▸ **THE TASK**:
Return only the lines from the top of the data down to the one that holds "5 Hole Carrier", both included, without any pictures.

[Start of Attachment]

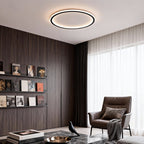 LED circle ceiling light in a modern living room
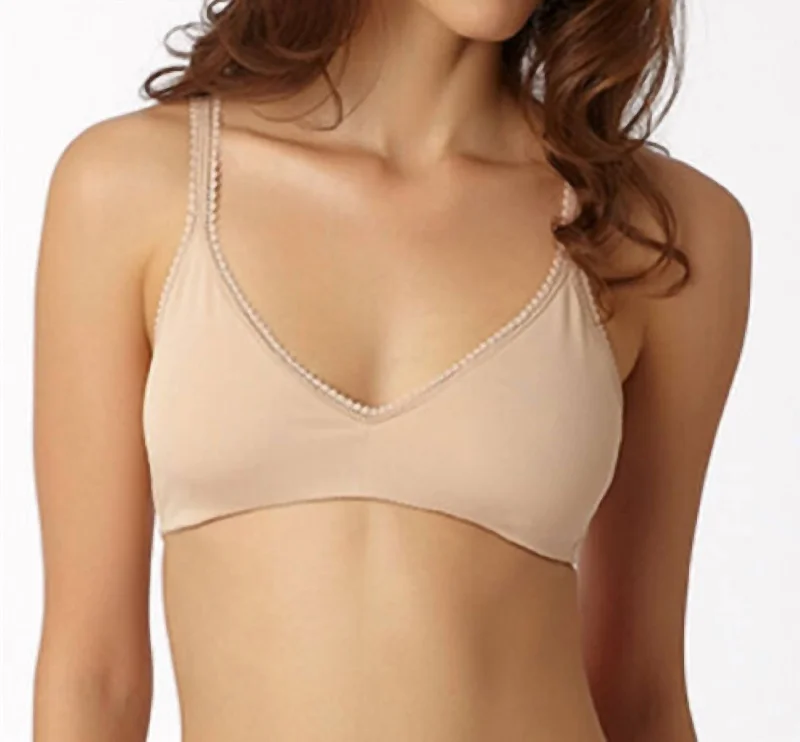 Comfortable Cotton Lingerie for WomenComfortable Cotton Lingerie for WomenWomen's push - up bras for enhanced cleavageCabana Cotton Bralette In Champagne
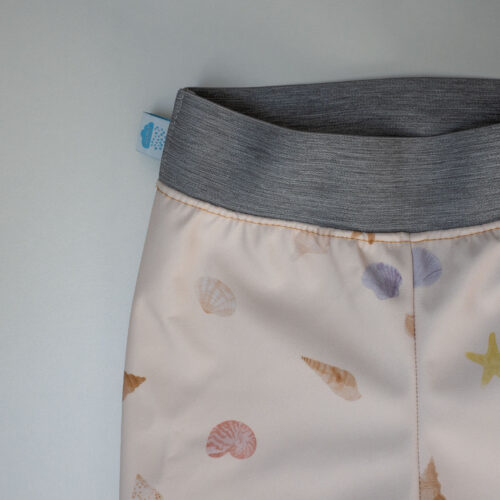 Spetter-broek-Schelpen Waterafstotende buitenspeelbroek - Schelpen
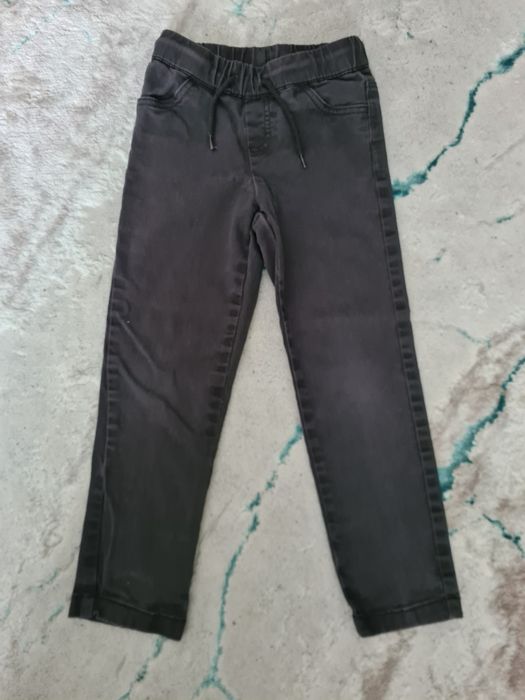 Lot 2 jeans bleumarin H&M/Waikiki, marimea 110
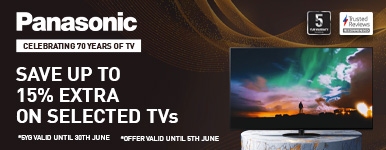 Save up to 15% on selected Panasonic TVs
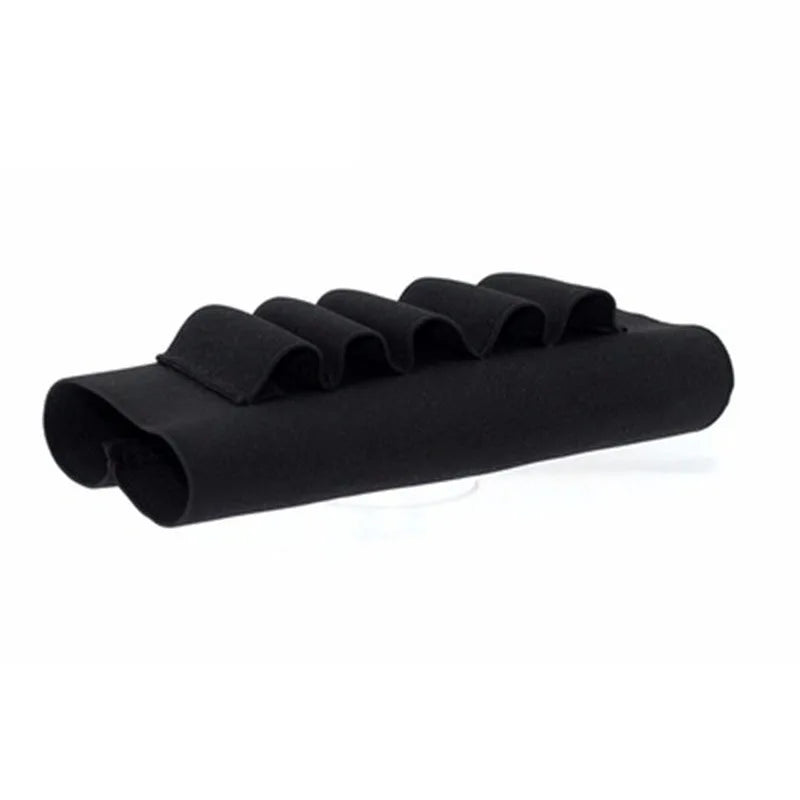 5 Hole Carrier Bag Shotgun Shell Butt Stock Molle Shell Cartridge Holder Extra Round for 12/20GA Hunting Sports Accessories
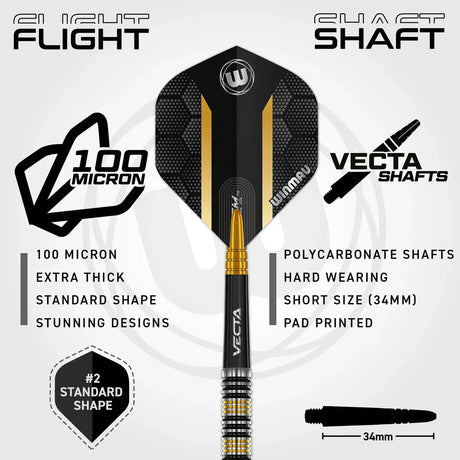 Winmau Nicholai Bado 90% Tungsten Steel Tip Darts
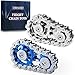 CHESLICR Fidget Spinner Toy for Adults Metal Figette Bike Chain Easter Basket Stuffer for Adult Men Pain Stim ADHD Teen Cool Gadgets Quiet Desk Offices Anxiety Relief Items Stress Tool Sensory BlueSilver - Image 2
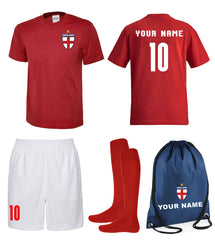 Kids Personalised England Style Kit Youth England Football Shirt Child Football Jersey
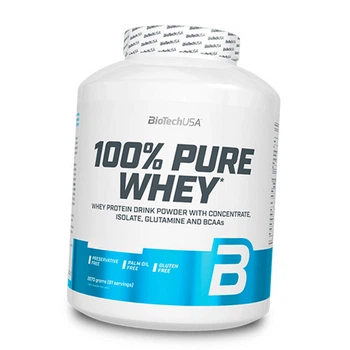 Сывороточный Протеин с добавлением аминокислот 100% Pure Whey BioTechUSA 2000г Рисовый пудинг (29084015)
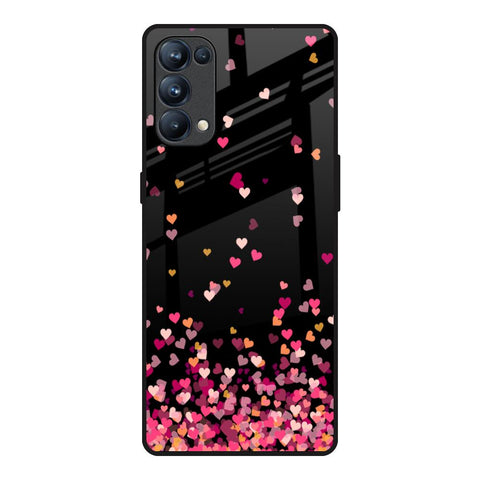 Heart Rain Fall Glossy Case For Oppo Reno5 Pro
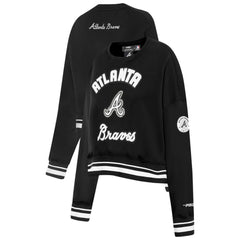 Atlanta Braves Pro Standard Women's Pearl Cropped Pullover Sweatshirt
- Black Pullover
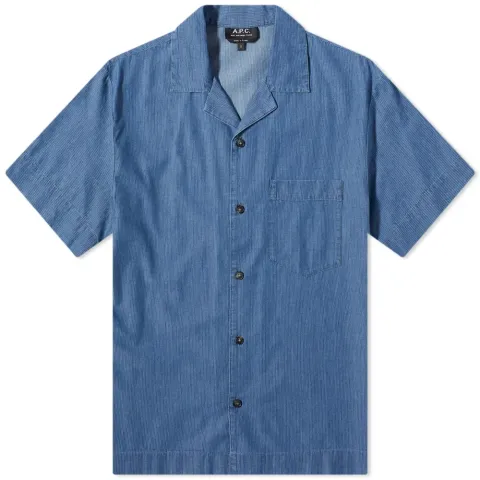 A.P.C. Edd Stripe Vacation Shirt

[End of Attachment]

▸ **WRITTEN RESPONSE**:
 LED circle ceiling light in a modern living room
 Comfortable Cotton Lingerie for WomenComfortable Cotton Lingerie for WomenWomen's push - up bras for enhanced cleavageCabana Cotton Bralette In Champagne
 Spetter-broek-Schelpen Waterafstotende buitenspeelbroek - Schelpen
 Lot 2 jeans bleumarin H&M/Waikiki, marimea 110
 Save up to 15% on selected Panasonic TVs
 5 Hole Carrier Bag Shotgun Shell Butt Stock Molle Shell Cartridge Holder Extra Round for 12/20GA Hunting Sports Accessories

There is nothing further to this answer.